[DATASET EXTRACT]
((

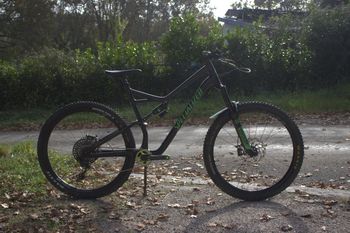 Gebrauchtes Specialized Stumpjumper FSR Comp 29 2017 2017 Mountainbike, Schwarz, 29 — Bild 11 von 15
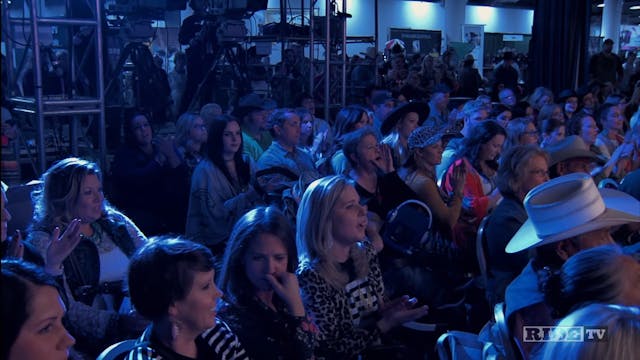 2017 Denim and Velvet Fashion Show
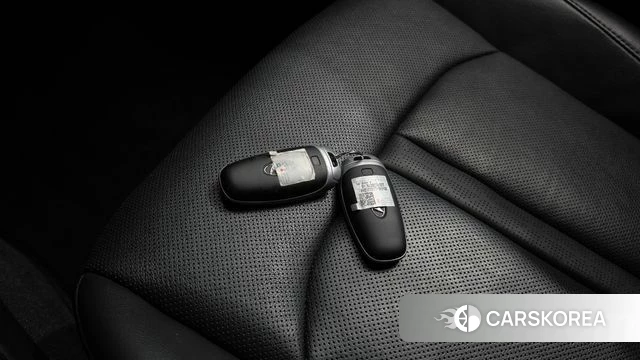 Hyundai Sonata (DN8) 2022 Черный из Кореи, фото 6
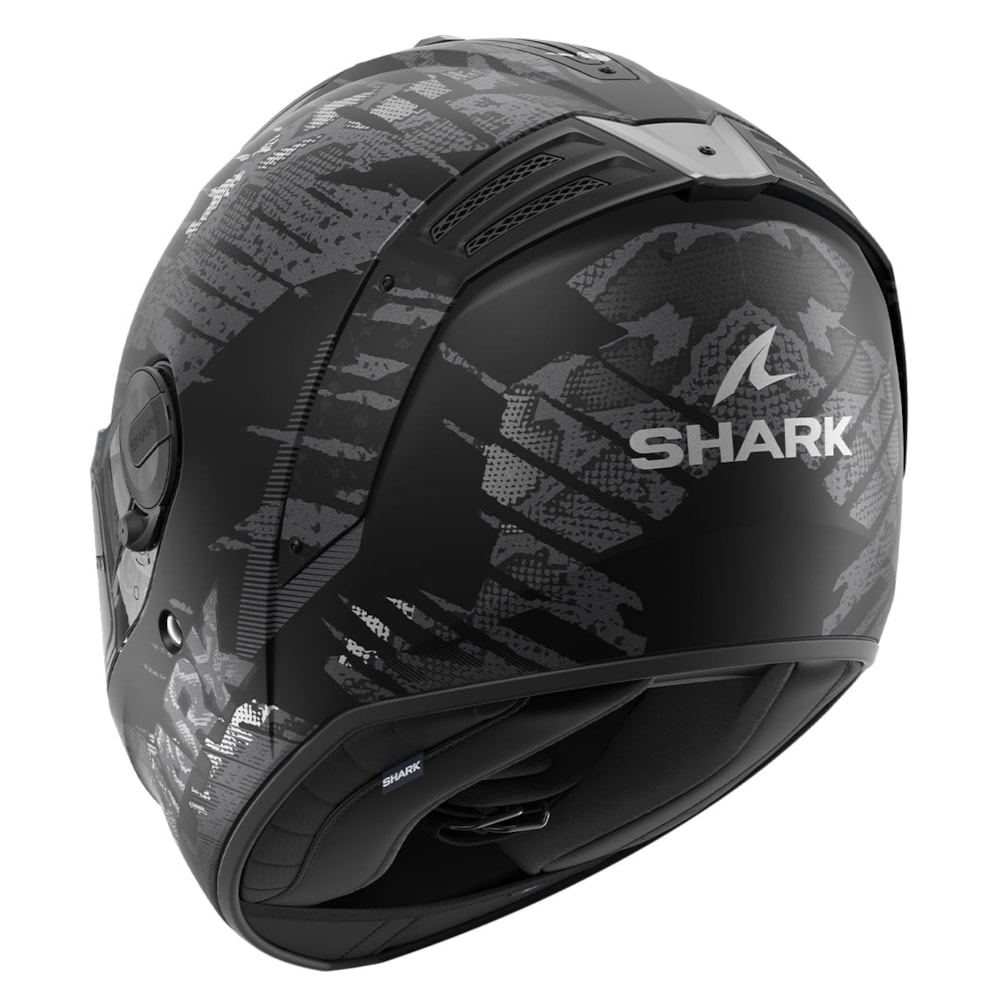 Capacete Shark Spartan RS Reptaia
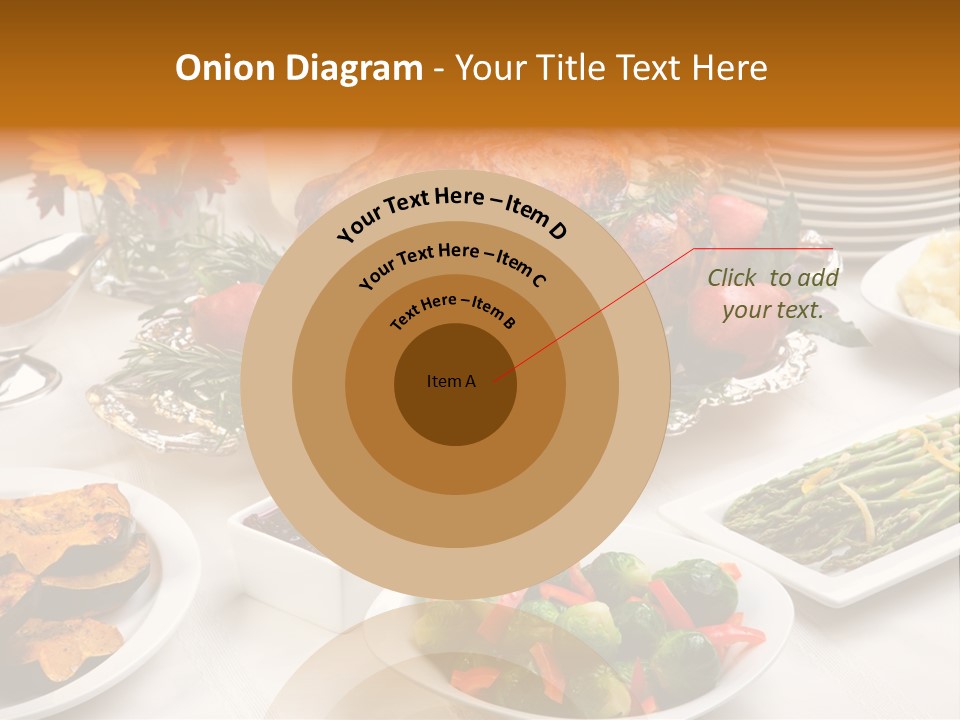 Cranberry Domestic Freshness PowerPoint Template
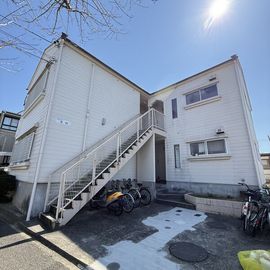 伏屋駅より徒歩8分 2階 築40年1ヶ月の賃貸物件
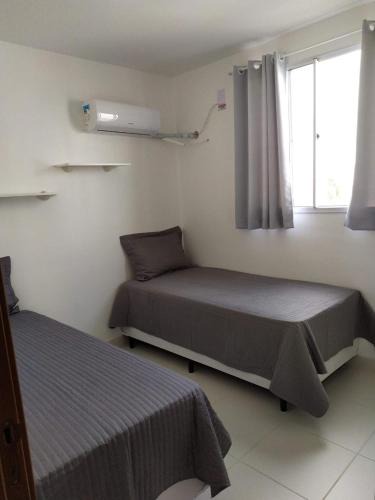 Ponta de Campina Apartment | Apartamento mobiliado, dois dormitórios, praia Ponta de Campina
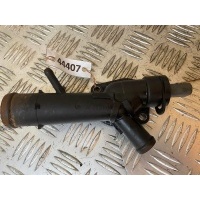 Фланец (тройник) системы охлаждения Skoda Praktik 2007-2023 2012 03L121131F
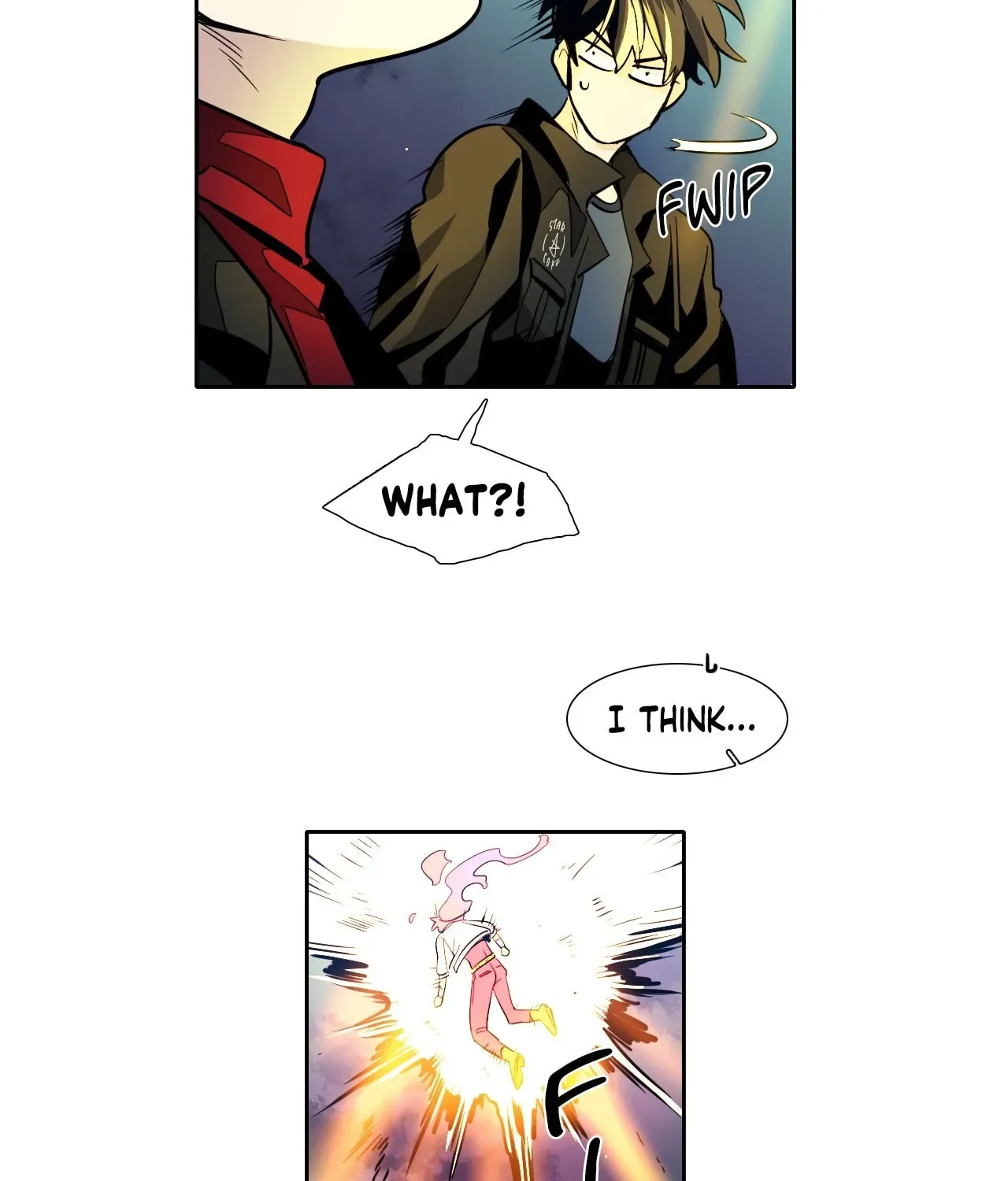 Read Heroes Plan.B chapter 239 image 64 on Lezhin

))

[ACTION ITEM]
Leave the pictures out, and reproduce only the lines from the line holding "Фланец (тройник) системы" through the last line of the material, both included.

[RESULT]
 Фланец (тройник) системы охлаждения Skoda Praktik 2007-2023 2012 03L121131F
 Read Heroes Plan.B chapter 239 image 64 on Lezhin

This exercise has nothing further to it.